Depuis quelques semaines, un groupe d'études rassemblant une quarantaine de députés a vu le jour à l'Assemblée nationale, sur... une molécule. Symbolisé par la lettre H, l'hydrogène est aujourd'hui au coeur de la transition énergétique. Le plan Hulot pour son déploiement a dynamisé la filière, déjà plutôt bien organisée ; une trentaine de grands groupes ont lancé l'Hydrogène council pour le promouvoir dans le monde. En France, les Régions rencontrent régulièrement l'Association française pour l'hydrogène et les piles à combustible (Afhypac), afin de déterminer une stratégie commune. En Provence-Alpes-Côte d'Azur, l'écosystème fort d'une centaine d'acteurs, allant du laboratoire de recherche au grand groupe en passant par la PME, est déjà dans les starting-blocks, avec pour porte-parole le pôle de compétitivité Capénergie qui a lancé un club hydrogène il y a 18 mois. 150 millions d'euros ont déjà été mobilisés pour des projets dont 20 millions d'aides publiques. Plusieurs solutions y sont en gestation, mais aussi des démonstrateurs, à l'instar de Jupiter 1 000 à Fos, visant une production d'hydrogène vert, adossé au tissu industriel voisin. Mais si la région, avec son potentiel d'énergies renouvelables, a les atouts nécessaires pour produire de l'hydrogène vert par hydrolyse, l'activité a besoin d'un marché, pour réellement démarrer.

Un écosystème complet pour faire face au défi hydrogène

Caché dans un no man's land en contrebas de la route départementale qui mène à Port-Saint-Louis- du-Rhône, le site de Jupiter 1 000 est en quelque sorte une terre de pionniers. Ici, un consortium de neuf partenaires, dont l'Ademe, le CEA, la CNR et la Région, emmené par GRTgaz, a mis au point le premier démonstrateur de "Power to gas", autrement dit un site capable de produire et d'injecter de l'hydrogène vert - obtenu par électrolyse, à partir de l'électricité issue des énergies renouvelables - dans le réseau de transport de gaz, pour alimenter les clients en aval. "Nous prélevons dans le pipeline relié à Cavaou un peu de gaz, puis nous le mélangeons avec de l'hydrogène, avant de réinjecter ce gaz de synthèse dans le réseau", explique avec fierté Patrick Prunet, le directeur du projet, devant les installations flambant neuves, puisque la première injection est prévue cet été, après les essais à blanc ces jours-ci. "Notre objectif est une capacité de 200 m³ d'hydrogène injecté par heure, et un taux de 1 à 2 % d'hydrogène dans le gaz de synthèse qui sera produit d'ici la fin de l'année", ajoute le responsable qui accueille chaque semaine des visiteurs intéressés par cette expérimentation, comme des députés californiens. "Nous détenons l'exploitationpour trois ans, en 2023 le consortium aura terminé", rappelle Patrick Prunet. L'été devrait permettre d'affiner un coût de production, pour une commercialisation future de ce méthane de synthèse... Mais pour quel marché ? Pour l'instant c'est l'inconnue, même si l'injection d'hydrogène dans le réseau existant est une piste séduisante pour "verdir" l'offre de gaz tout en continuant à utiliser les infrastructures qui maillent le territoire. Au point que GRTgaz a lancé un appel à projets pour parer à une éventuelle dégradation des tuyauteries provoquée par la circulation d'hydrogène. Auquel a répondu la start-up Catalyse à La Ciotat, spécialiste des matériaux intelligents qui s'autoréparent, en mettant au point un revêtement composite barrière...

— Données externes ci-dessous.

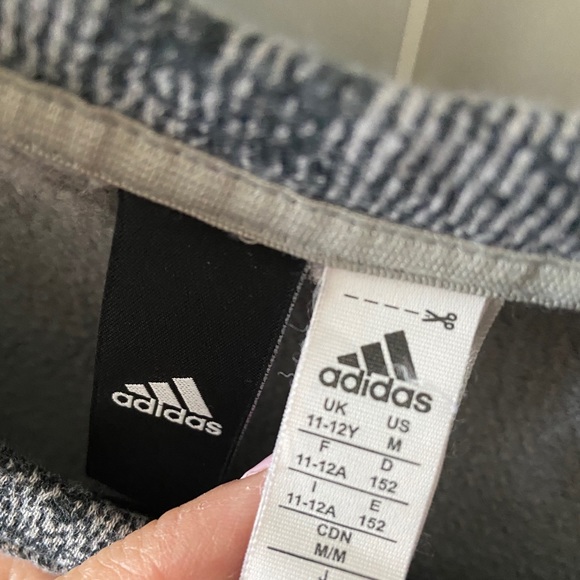 COPY - Adidas jersey top - Picture 2 of 4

Car si le marché n'est pas encore là, la filière a déjà réponse à tout en région Sud. "Pendant longtemps sur notre territoire, ce sont les industriels qui ont fait naître les projets, davantage que les élus, analyse Paul Lucchese, directeur adjoint de Capénergies, mais depuis un an, les collectivités commencent à s'impliquer". Pierre-Emmanuel Casanova, d'Hysilabs, peut en témoigner. La Région est entrée via Sud investissement dans le capital de la start-up qu'il a lancée avec son associé en 2015, pour mûrir une technologie qui consiste à transporter l'hydrogène grâce à un vecteur liquide, "ce qui permet d'en transporter sept fois plus par la route que sous forme de gaz, avec des camions bien moins onéreux".

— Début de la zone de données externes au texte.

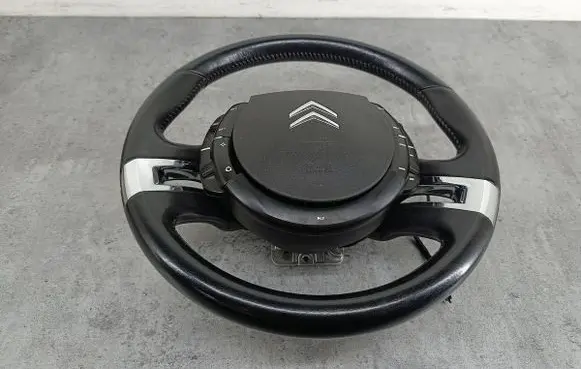 Citroen C4 I Steering wheel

Satisfait que le marché ne soit pas encore au rendez-vous

En contact permanent avec de grands groupes pétroliers ou énergéticiens, l'ingénieur de formation est plutôt satisfait que le marché ne soit pas encore au rendez-vous, car son équipe a besoin de 18 mois supplémentaires pour que la solution soit opérationnelle. "Actuellement, nous préservons notre indépendance et protégeons notre technologie", assure le fondateur d'Hysilabs qui croit en l'avènement de l'hydrogène. "Si demain nous produisons beaucoup d'hydrogène vert grâce au photovoltaïque ou à l'éolien dans notre région, il faudra l'exporter là où il y en aura moins, et notre solution aura toute sa place", imagine l'entrepreneur qui mise aussi sur un geste fort des collectivités. "Le déclencheur, ce serait le déploiement d'une flotte de véhicules", assure Pierre-Emmanuel Casanova.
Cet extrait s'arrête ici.